The outer level functions mainly prepare the whole recoding library for use, or do actions which are unrelated to specific recodings. Here is an example of a program which does not really make anything useful.

#include <stdbool.h>
#include <recode.h>

const char *program_name;

int
main (int argc, char *const *argv)
{
  program_name = argv[0];
  RECODE_OUTER outer = recode_new_outer (true);

  recode_delete_outer (outer);
  exit (0);
}

The header file <recode.h> declares an opaque RECODE_OUTER structure, which the programmer should use for allocating a variable in his program (let’s assume the programmer is a male, here, no prejudice intended). This ‘outer’ variable is given as a first argument to all outer level functions.

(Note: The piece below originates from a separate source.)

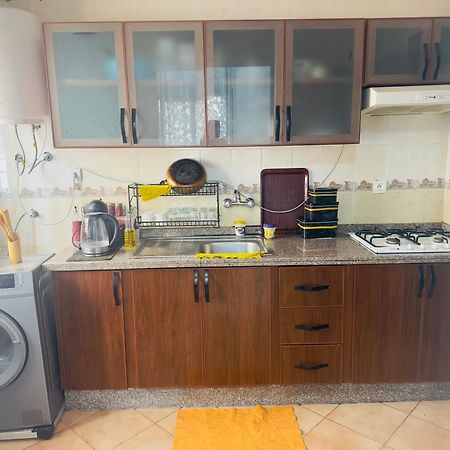 Appartement Plage A Vos Pieds, Gare A 5 Min Et Parking Gratuit Charf Esterno foto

The <recode.h> header file uses the Boolean type setup by the system header file <stdbool.h>. But this header file is still fairly new in C standards, and likely does not exist everywhere. If you system does not offer this system header file yet, the proper compilation of the <recode.h> file could be guaranteed through the replacement of the inclusion line by:

typedef enum {false = 0, true = 1} bool;

People wanting wider portability, or Autoconf lovers, might arrange their configure.in for being able to write something more general, like:

#if STDC_HEADERS
# include <stdlib.h>
#endif

/* Some systems do not define EXIT_*, even with STDC_HEADERS.  */
#ifndef EXIT_SUCCESS
# define EXIT_SUCCESS 0
#endif
#ifndef EXIT_FAILURE
# define EXIT_FAILURE 1
#endif
/* The following test is to work around the gross typo in systems like Sony
   NEWS-OS Release 4.0C, whereby EXIT_FAILURE is defined to 0, not 1.  */
#if !EXIT_FAILURE
# undef EXIT_FAILURE
# define EXIT_FAILURE 1
#endif

#if HAVE_STDBOOL_H
# include <stdbool.h>
#else
typedef enum {false = 0, true = 1} bool;
#endif

#include <recode.h>

const char *program_name;

int
main (int argc, char *const *argv)
{
  program_name = argv[0];
  RECODE_OUTER outer = recode_new_outer (true);

  recode_term_outer (outer);
  exit (EXIT_SUCCESS);
}

but we will not insist on such details in the examples to come.

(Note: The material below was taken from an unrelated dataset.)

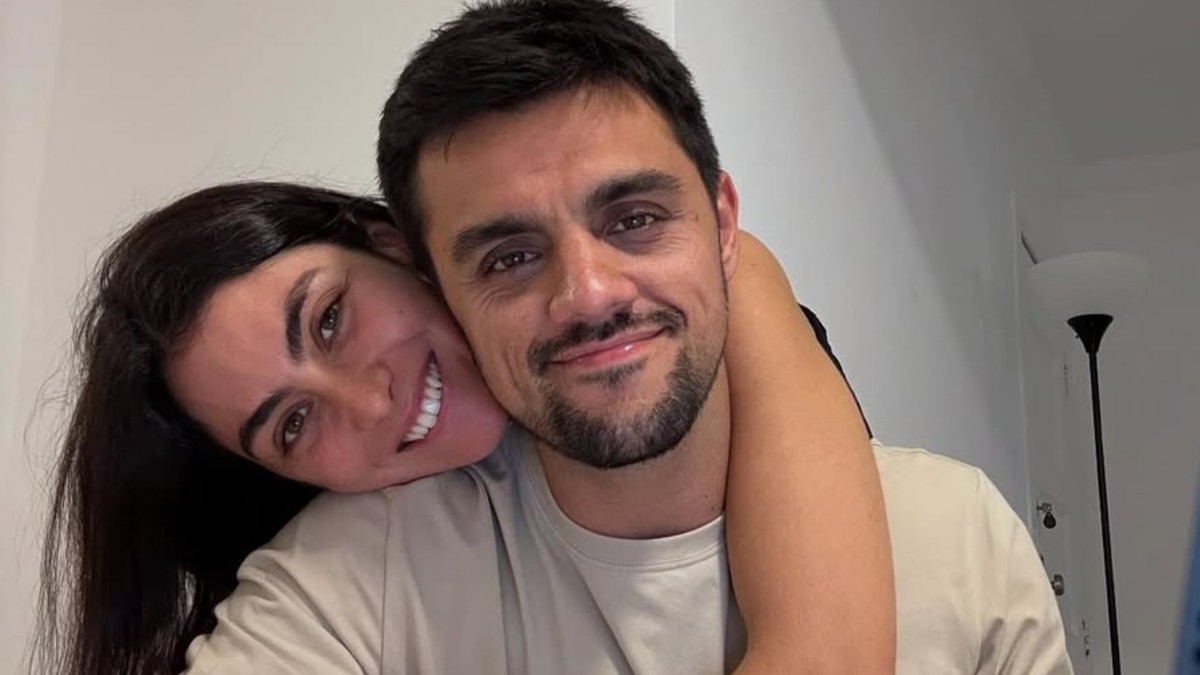 Mariana Uhlmann se destaca em debate sobre maternidade após declaração de Felipe Simas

Next: , Previous: , Up: Library   [Contents][Index]

4.2 Request level functions

The request level functions are meant to cover most recoding needs programmers may have; they should provide all usual functionality. Their API is almost stable by now. To get started with request level functions, here is a full example of a program which sole job is to filter ibmpc code on its standard input into latin1 code on its standard output.

#include <stdio.h>
#include <stdbool.h>
#include <recode.h>

const char *program_name;

int
main (int argc, char *const *argv)
{
  program_name = argv[0];
  RECODE_OUTER outer = recode_new_outer (true);
  RECODE_REQUEST request = recode_new_request (outer);
  bool success;

  recode_scan_request (request, "ibmpc..latin1");

  success = recode_file_to_file (request, stdin, stdout);

  recode_delete_request (request);
  recode_delete_outer (outer);

  exit (success ? 0 : 1);
}

The header file <recode.h> declares a RECODE_REQUEST structure, which the programmer should use for allocating a variable in his program. This request variable is given as a first argument to all request level functions, and in most cases, may be considered as opaque.

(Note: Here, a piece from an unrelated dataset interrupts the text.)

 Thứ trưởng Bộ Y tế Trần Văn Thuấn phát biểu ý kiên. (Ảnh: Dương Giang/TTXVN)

The following special function is still subject to change:

void recode_format_table (request, language, "name");

and is not documented anymore for now.


Next: , Previous: , Up: Library   [Contents][Index]

4.3 Task level functions

The task level functions are used internally by the request level functions, they allow more explicit control over files and memory buffers holding input and output to recoding processes. The interface specification of task level functions is still subject to change a bit.

To get started with task level functions, here is a full example of a program which sole job is to filter ibmpc code on its standard input into latin1 code on its standard output. That is, this program has the same goal as the one from the previous section, but does its things a bit differently.

#include <stdio.h>
#include <stdbool.h>
#include <recodext.h>

const char *program_name;

int
main (int argc, char *const *argv)
{
  program_name = argv[0];
  RECODE_OUTER outer = recode_new_outer (false);
  RECODE_REQUEST request = recode_new_request (outer);
  RECODE_TASK task;
  bool success;

  recode_scan_request (request, "ibmpc..latin1");

  task = recode_new_task (request);
  task->input.file = "";
  task->output.file = "";
  success = recode_perform_task (task);

  recode_delete_task (task);
  recode_delete_request (request);
  recode_delete_outer (outer);

  exit (success ? 0 : 1);
}

The header file <recode.h> declares a RECODE_TASK structure, which the programmer should use for allocating a variable in his program. This task variable is given as a first argument to all task level functions. The programmer ought to change and possibly consult a few fields in this structure, using special functions.


Next: , Previous: , Up: Library   [Contents][Index]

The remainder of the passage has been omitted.